Required work:
Begin with the line that holds "ホテル Du Bassin 3*". Write out every line from there to the end of the listing below, word for word.

─── Data ───

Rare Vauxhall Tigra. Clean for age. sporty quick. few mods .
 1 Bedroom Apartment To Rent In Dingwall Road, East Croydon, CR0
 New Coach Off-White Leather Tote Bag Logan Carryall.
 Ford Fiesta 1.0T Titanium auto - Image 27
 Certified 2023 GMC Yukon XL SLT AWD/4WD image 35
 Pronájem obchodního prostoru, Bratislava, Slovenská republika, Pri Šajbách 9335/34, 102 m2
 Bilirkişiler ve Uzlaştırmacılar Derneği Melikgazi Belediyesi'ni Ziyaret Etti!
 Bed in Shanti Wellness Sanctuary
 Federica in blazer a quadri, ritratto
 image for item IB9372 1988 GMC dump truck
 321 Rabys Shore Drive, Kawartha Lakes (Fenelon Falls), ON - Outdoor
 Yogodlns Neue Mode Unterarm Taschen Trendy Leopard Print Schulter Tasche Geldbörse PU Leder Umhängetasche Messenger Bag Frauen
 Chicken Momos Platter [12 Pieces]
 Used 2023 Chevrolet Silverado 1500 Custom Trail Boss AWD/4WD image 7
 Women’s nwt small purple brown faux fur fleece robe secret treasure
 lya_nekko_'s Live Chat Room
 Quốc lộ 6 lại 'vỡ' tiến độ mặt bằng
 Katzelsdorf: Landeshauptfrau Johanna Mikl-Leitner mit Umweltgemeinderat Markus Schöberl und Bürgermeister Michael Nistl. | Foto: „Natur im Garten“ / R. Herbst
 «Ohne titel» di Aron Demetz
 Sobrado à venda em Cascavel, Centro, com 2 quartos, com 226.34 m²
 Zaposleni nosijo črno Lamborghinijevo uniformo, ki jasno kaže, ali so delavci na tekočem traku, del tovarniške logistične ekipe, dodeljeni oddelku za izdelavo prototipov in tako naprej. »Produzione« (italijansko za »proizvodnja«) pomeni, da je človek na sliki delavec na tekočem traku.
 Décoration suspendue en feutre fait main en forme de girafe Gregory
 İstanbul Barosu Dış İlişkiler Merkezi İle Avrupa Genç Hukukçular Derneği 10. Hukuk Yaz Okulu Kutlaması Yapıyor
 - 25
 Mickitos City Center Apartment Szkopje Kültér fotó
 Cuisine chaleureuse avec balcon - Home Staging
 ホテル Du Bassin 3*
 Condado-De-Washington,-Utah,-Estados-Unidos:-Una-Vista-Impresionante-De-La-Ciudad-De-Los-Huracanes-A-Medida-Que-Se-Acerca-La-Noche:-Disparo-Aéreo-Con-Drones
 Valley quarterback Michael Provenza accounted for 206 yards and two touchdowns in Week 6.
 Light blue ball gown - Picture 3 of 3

───

Output:
 ホテル Du Bassin 3*
 Condado-De-Washington,-Utah,-Estados-Unidos:-Una-Vista-Impresionante-De-La-Ciudad-De-Los-Huracanes-A-Medida-Que-Se-Acerca-La-Noche:-Disparo-Aéreo-Con-Drones
 Valley quarterback Michael Provenza accounted for 206 yards and two touchdowns in Week 6.
 Light blue ball gown - Picture 3 of 3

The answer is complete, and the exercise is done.